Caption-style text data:
# # # # # # #
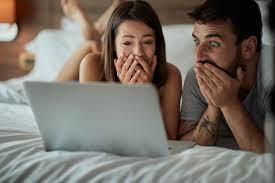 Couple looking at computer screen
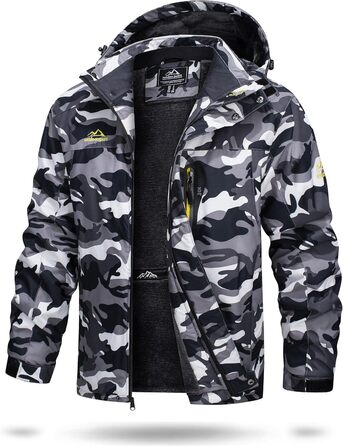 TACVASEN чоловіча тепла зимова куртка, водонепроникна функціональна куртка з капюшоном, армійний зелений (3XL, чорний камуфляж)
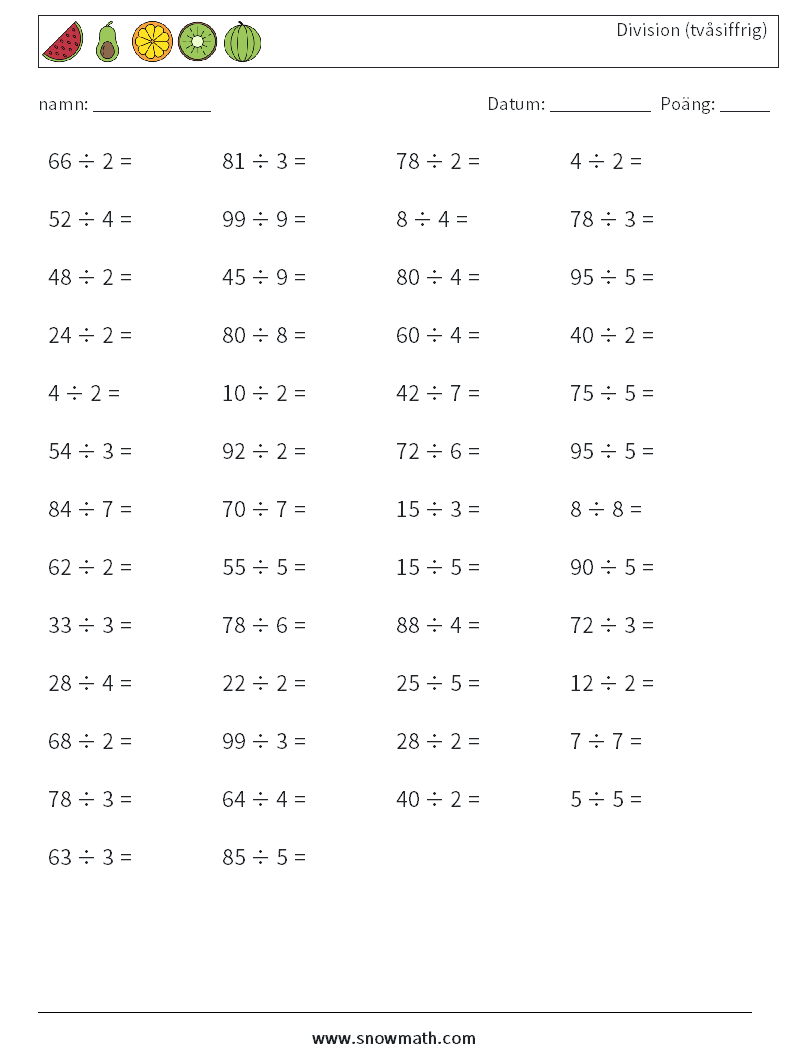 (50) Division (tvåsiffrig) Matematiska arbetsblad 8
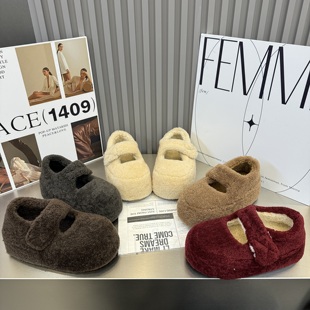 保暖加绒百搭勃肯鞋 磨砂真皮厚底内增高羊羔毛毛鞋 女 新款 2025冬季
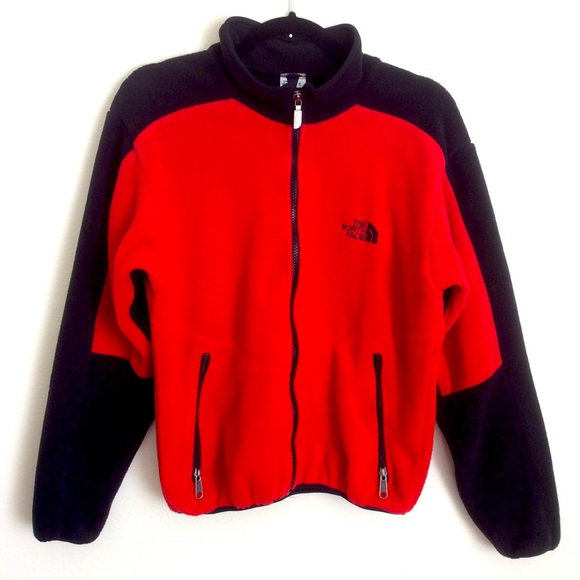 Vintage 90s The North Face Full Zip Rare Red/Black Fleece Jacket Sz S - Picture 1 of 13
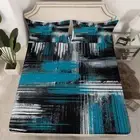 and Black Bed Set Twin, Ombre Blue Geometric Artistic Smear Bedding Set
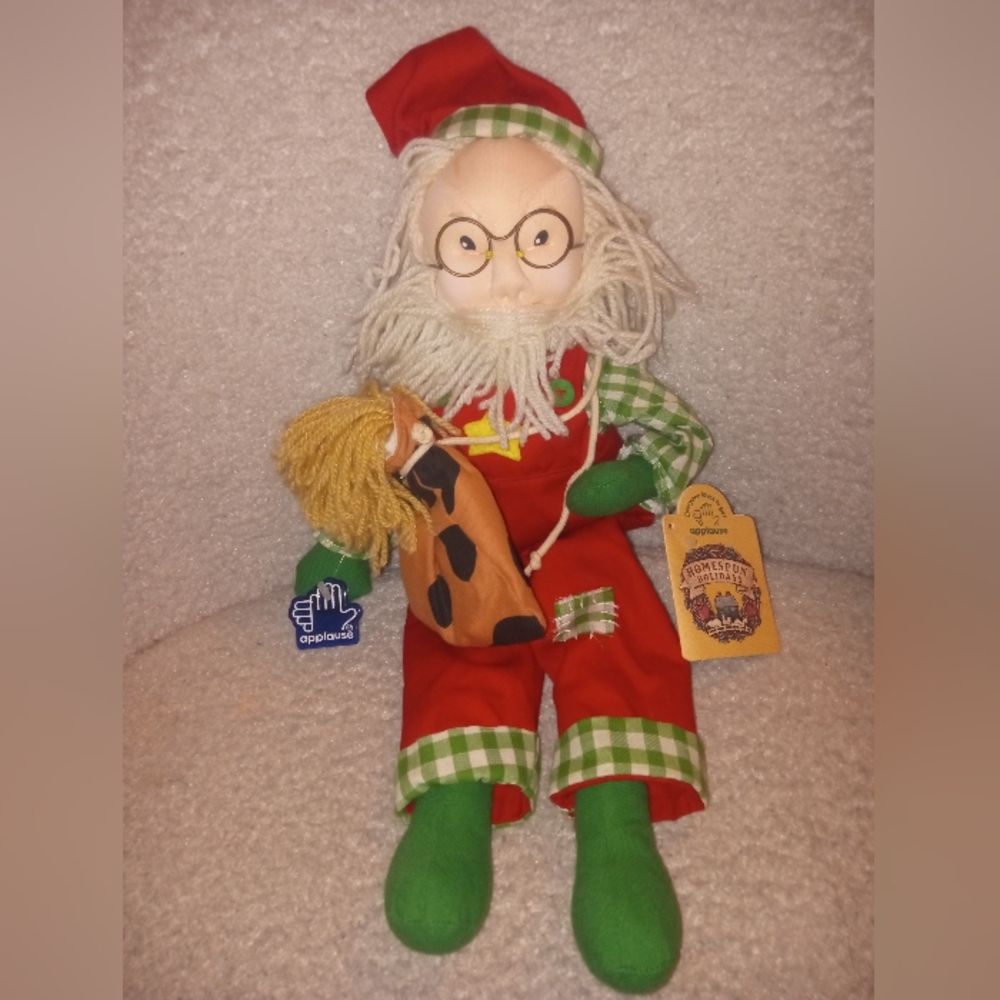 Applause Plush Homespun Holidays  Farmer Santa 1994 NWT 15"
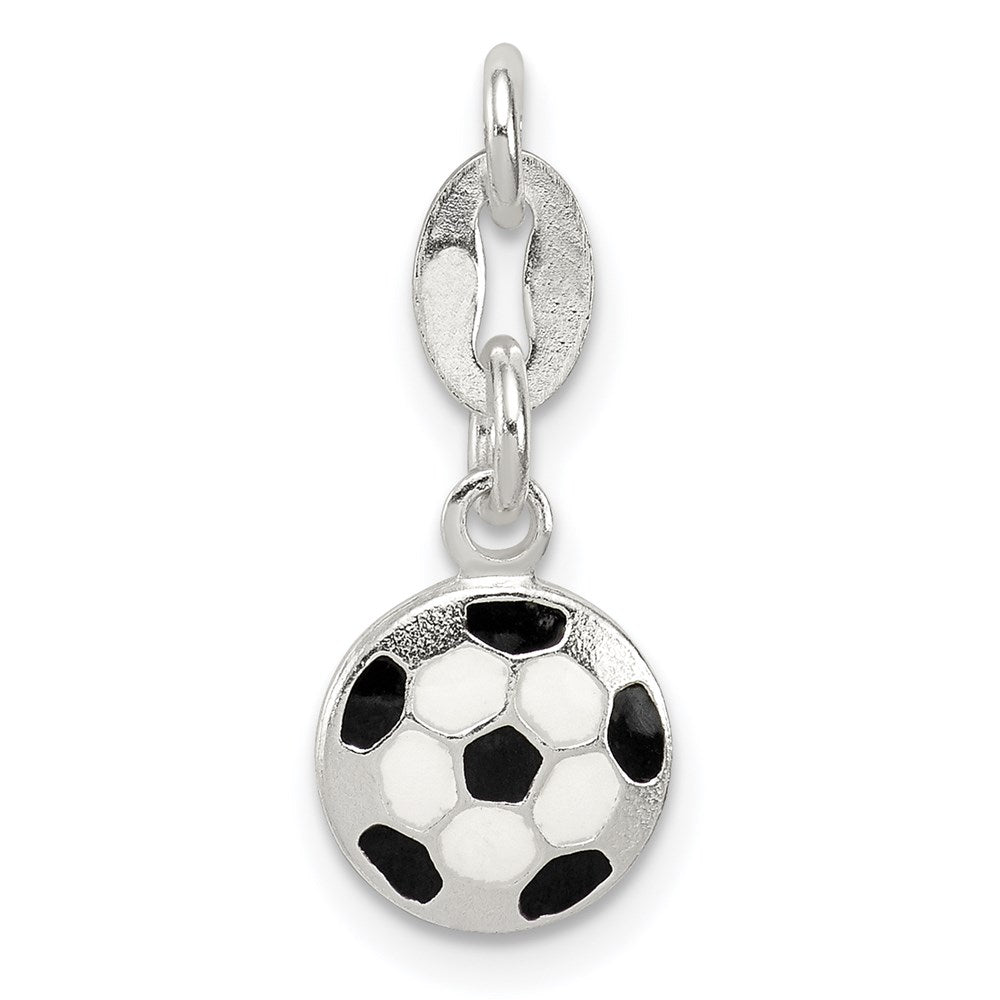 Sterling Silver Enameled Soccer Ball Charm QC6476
# # # # # # #
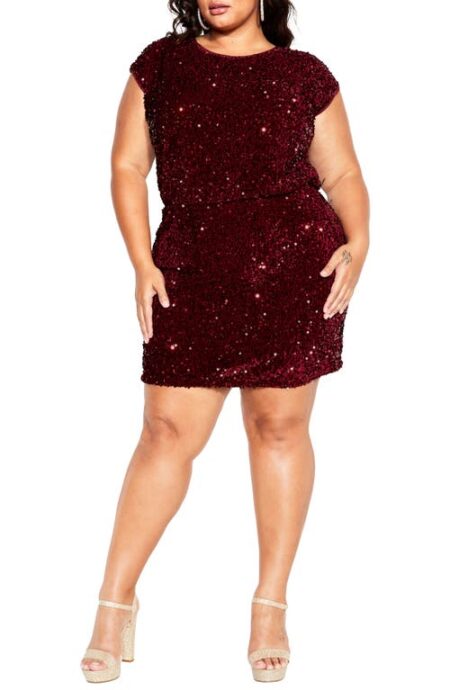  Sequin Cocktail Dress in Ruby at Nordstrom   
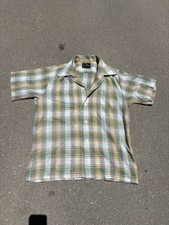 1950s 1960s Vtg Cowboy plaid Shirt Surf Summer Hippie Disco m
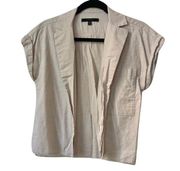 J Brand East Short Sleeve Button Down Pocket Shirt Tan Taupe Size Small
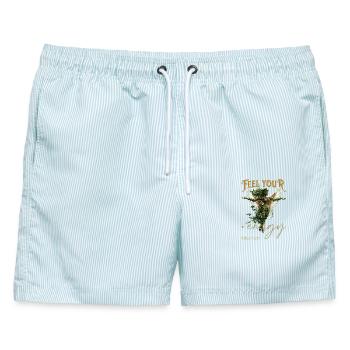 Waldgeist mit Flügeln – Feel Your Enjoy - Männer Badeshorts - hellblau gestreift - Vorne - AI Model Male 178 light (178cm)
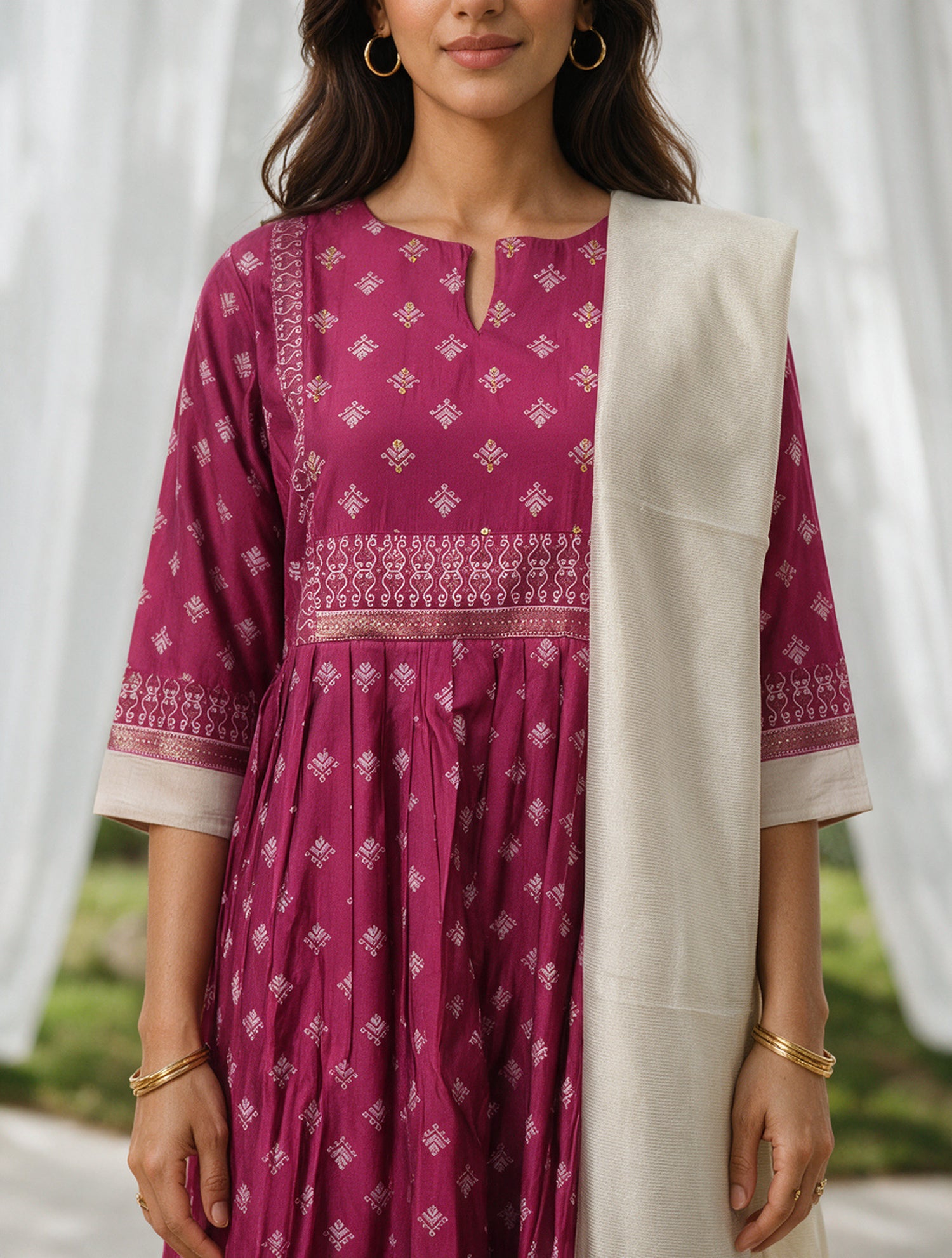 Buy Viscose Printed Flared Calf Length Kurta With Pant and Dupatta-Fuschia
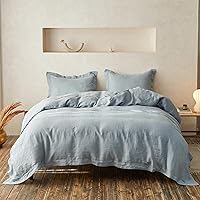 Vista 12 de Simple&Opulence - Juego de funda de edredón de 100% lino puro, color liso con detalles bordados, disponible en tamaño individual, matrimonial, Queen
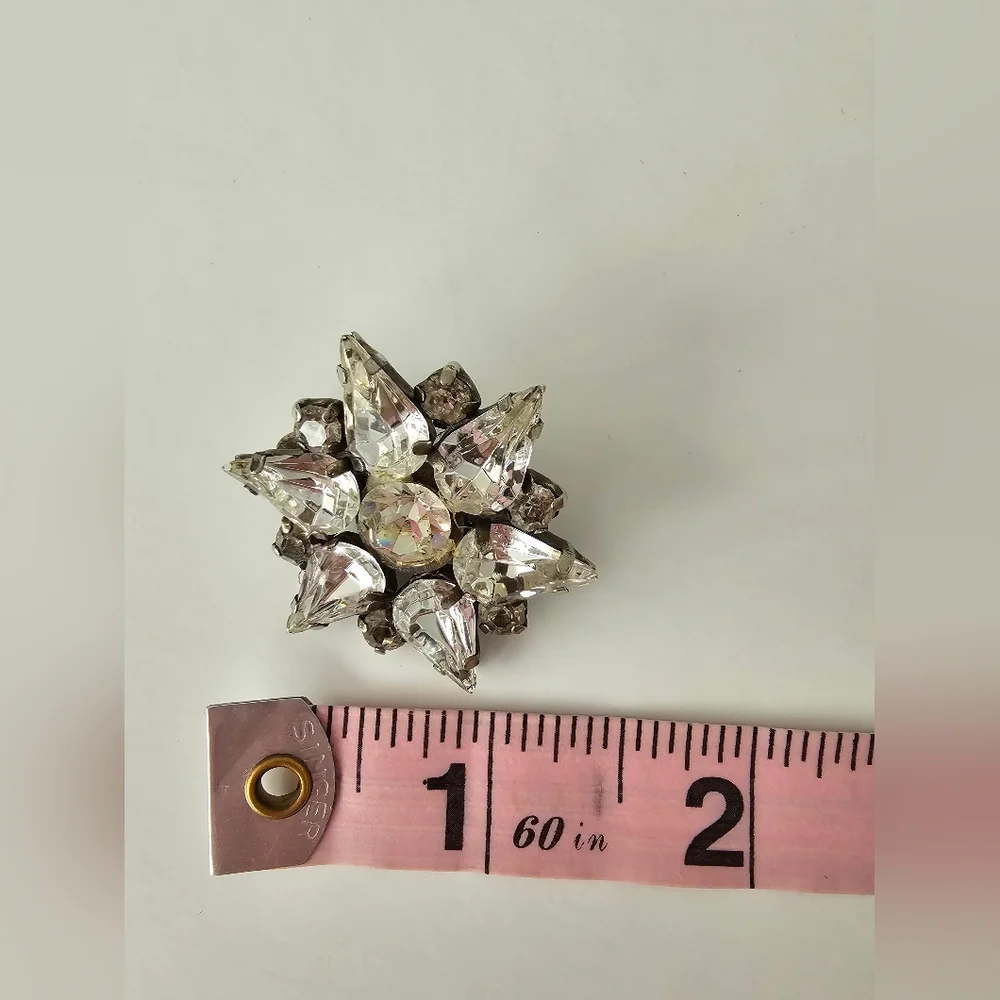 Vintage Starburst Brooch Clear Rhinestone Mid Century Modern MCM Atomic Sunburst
# # # # # # #
- Brief
Pictures do not belong in the answer. Return the lines above starting at the one with "Couple looking at computer screen" and ending at the one with "保暖加绒百搭勃肯鞋 磨砂真皮厚底内增高羊羔毛毛鞋 女 新款 2025冬季", both kept, exactly.

- Exercise output
 Couple looking at computer screen
 TACVASEN чоловіча тепла зимова куртка, водонепроникна функціональна куртка з капюшоном, армійний зелений (3XL, чорний камуфляж)
 (50) Division (tvåsiffrig) Matematiska arbetsblad 8
 保暖加绒百搭勃肯鞋 磨砂真皮厚底内增高羊羔毛毛鞋 女 新款 2025冬季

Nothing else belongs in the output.